Would you write out, exactly as they stand, all lines from the one containing "Sigiriya Village-3" through the end of the listing below, and only those?

◆ **Record extracts**:

►

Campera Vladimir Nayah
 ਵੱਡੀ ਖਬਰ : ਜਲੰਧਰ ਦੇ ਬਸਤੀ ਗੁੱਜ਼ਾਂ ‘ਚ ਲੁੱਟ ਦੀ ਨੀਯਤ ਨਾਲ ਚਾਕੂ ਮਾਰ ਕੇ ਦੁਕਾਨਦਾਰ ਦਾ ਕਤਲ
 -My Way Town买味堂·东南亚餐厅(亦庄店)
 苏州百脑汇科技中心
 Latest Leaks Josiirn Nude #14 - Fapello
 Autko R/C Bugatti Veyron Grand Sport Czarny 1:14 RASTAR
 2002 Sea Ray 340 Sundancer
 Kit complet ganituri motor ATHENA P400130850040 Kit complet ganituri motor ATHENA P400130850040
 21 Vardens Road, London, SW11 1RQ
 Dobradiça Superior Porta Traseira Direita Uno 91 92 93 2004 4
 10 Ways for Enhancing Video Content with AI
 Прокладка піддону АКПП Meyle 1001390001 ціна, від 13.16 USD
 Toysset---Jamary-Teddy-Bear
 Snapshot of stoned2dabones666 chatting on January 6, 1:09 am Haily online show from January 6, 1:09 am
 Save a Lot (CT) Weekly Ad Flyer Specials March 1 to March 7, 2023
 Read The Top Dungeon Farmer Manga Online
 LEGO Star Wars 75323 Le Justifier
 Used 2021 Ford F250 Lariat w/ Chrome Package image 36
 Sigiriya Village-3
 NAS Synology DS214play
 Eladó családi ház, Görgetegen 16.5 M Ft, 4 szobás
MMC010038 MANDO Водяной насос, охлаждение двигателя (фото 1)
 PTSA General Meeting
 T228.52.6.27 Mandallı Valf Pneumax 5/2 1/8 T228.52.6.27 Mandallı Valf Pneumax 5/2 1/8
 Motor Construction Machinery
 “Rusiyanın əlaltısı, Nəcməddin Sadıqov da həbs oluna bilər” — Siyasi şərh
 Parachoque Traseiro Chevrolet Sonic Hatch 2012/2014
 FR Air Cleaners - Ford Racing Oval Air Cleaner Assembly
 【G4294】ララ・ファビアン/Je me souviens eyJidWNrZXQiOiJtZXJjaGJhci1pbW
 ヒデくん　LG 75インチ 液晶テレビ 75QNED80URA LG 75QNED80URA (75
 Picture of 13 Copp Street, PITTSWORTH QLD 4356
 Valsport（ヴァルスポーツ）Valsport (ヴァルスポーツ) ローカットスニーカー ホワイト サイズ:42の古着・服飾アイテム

◄

◆ **Answer area**:
 Sigiriya Village-3
 NAS Synology DS214play
 Eladó családi ház, Görgetegen 16.5 M Ft, 4 szobás
MMC010038 MANDO Водяной насос, охлаждение двигателя (фото 1)
 PTSA General Meeting
 T228.52.6.27 Mandallı Valf Pneumax 5/2 1/8 T228.52.6.27 Mandallı Valf Pneumax 5/2 1/8
 Motor Construction Machinery
 “Rusiyanın əlaltısı, Nəcməddin Sadıqov da həbs oluna bilər” — Siyasi şərh
 Parachoque Traseiro Chevrolet Sonic Hatch 2012/2014
 FR Air Cleaners - Ford Racing Oval Air Cleaner Assembly
 【G4294】ララ・ファビアン/Je me souviens eyJidWNrZXQiOiJtZXJjaGJhci1pbW
 ヒデくん　LG 75インチ 液晶テレビ 75QNED80URA LG 75QNED80URA (75
 Picture of 13 Copp Street, PITTSWORTH QLD 4356
 Valsport（ヴァルスポーツ）Valsport (ヴァルスポーツ) ローカットスニーカー ホワイト サイズ:42の古着・服飾アイテム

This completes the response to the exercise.